Alamogordo Women Sentenced for Conspiracy to Fraudulently Obtain Prescription Drugs

For Immediate Release
U.S. Attorney's Office, District of New Mexico

ALBUQUERQUE – Two women from Alamogordo, N.M., were sentenced in federal court in Las Cruces, N.M., this morning for participating in a conspiracy to obtain prescription drugs by misrepresentation, fraud, forgery, deception and subterfuge by filling fraudulent prescriptions at retail pharmacies.  Sharon Carter, 57, was sentenced to 18 months in federal prison followed by two years of supervised release.  Her co-defendant Connie Coble, 52, was sentenced to 36 days of imprisonment followed by three years of supervised release.

Carter and Coble were charged in a 66-count indictment filed on March 19, 2014.  Count 1 of the indictment charged both women with conspiracy to fraudulently obtain Hydrocodone, a prescription painkiller, by filling fraudulent prescriptions at retail pharmacies in Doña Ana and Otero Counties, N.M., between Aug. 10, 2013 and Sept. 30, 2013.  Count 2 charged Carter alone with unlawfully distributing Hydrocodone between Dec. 2011 and Dec. 2013 in Otero County, and Counts 3 through 66 charged Carter alone with fraudulently obtaining Hydrocodone on dates between April 20, 2013 and Dec. 19, 2013.

Carter was arrested on Dec. 19, 2013, based on a criminal complaint and has been in federal custody since that time.  She entered a guilty plea to all 66 counts of the indictment on April 30, 2014, without the benefit of any plea agreement. 

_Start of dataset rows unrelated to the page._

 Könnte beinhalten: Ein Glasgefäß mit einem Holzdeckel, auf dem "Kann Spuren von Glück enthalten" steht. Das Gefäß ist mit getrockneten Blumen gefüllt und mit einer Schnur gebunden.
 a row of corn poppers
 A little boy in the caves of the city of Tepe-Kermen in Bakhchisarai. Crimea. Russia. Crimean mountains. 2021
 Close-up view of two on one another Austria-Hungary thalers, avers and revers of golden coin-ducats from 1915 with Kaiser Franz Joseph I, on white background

Coble was arrested on March 21, 2014.  On June 17, 2014, Coble pled guilty to Count 1 of the indictment, the sole charge against her, under a plea agreement with the U.S. Attorney’s Office.  In her plea agreement, Coble admitted that between Aug. 10, 2013 and Sept. 30, 2013, she conspired with Carter to fill fraudulent prescriptions for Hydrocodone at various pharmacies in Doña Ana and Otero Counties. 

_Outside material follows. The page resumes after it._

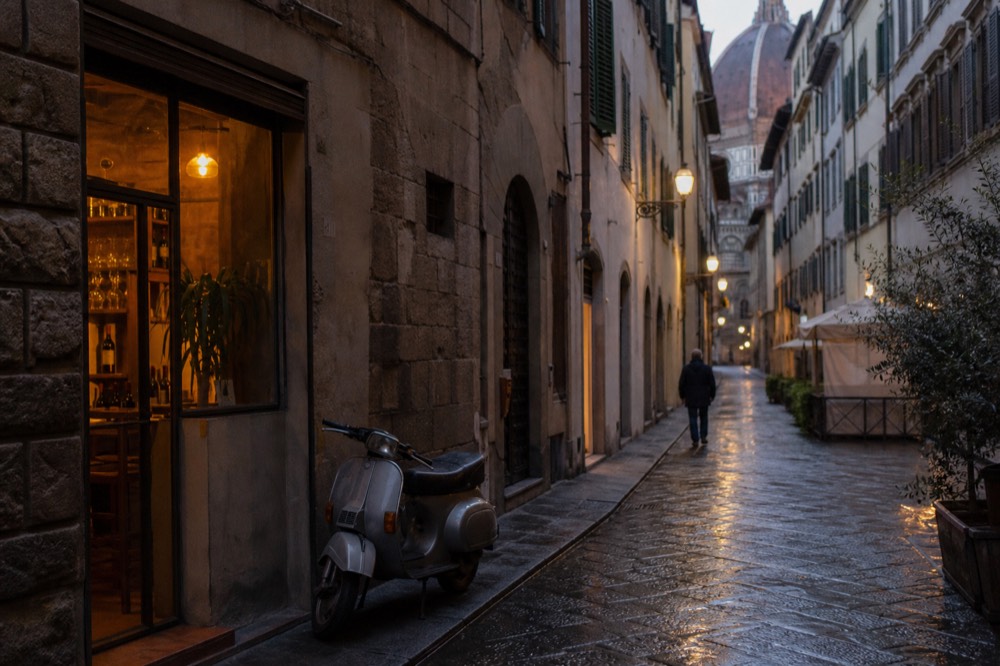 A narrow Florentine street with stone buildings and a small enoteca window at dusk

According to Coble’s plea agreement, Carter posed as a doctor and called in prescriptions for non-existent persons and Coble went with Carter to the pharmacies to pick up the Hydrocodone after the prescriptions had been filled.  Throughout the course of the conspiracy, Carter and her accomplices passed 184 fraudulent prescriptions and unlawfully obtained 18,480 pills.

This case was investigated by the Tactical Diversion Squad of the El Paso Division of the DEA with assistance from the New Mexico Board of Pharmacy, the Lincoln County Sheriff’s Office and the Alamogordo Department of Public Safety, and is being prosecuted by Assistant U.S. Attorney Amanda Gould of the U.S. Attorney’s Las Cruces Branch Office.

DEA’s Tactical Diversion Squads combine DEA resources with those of federal, state and local law enforcement agencies in an innovative effort to investigate, disrupt and dismantle those suspected of violating the Controlled Substances Act or other appropriate federal, state or local statutes pertaining to the diversion of licit pharmaceutical controlled substances or listed chemicals.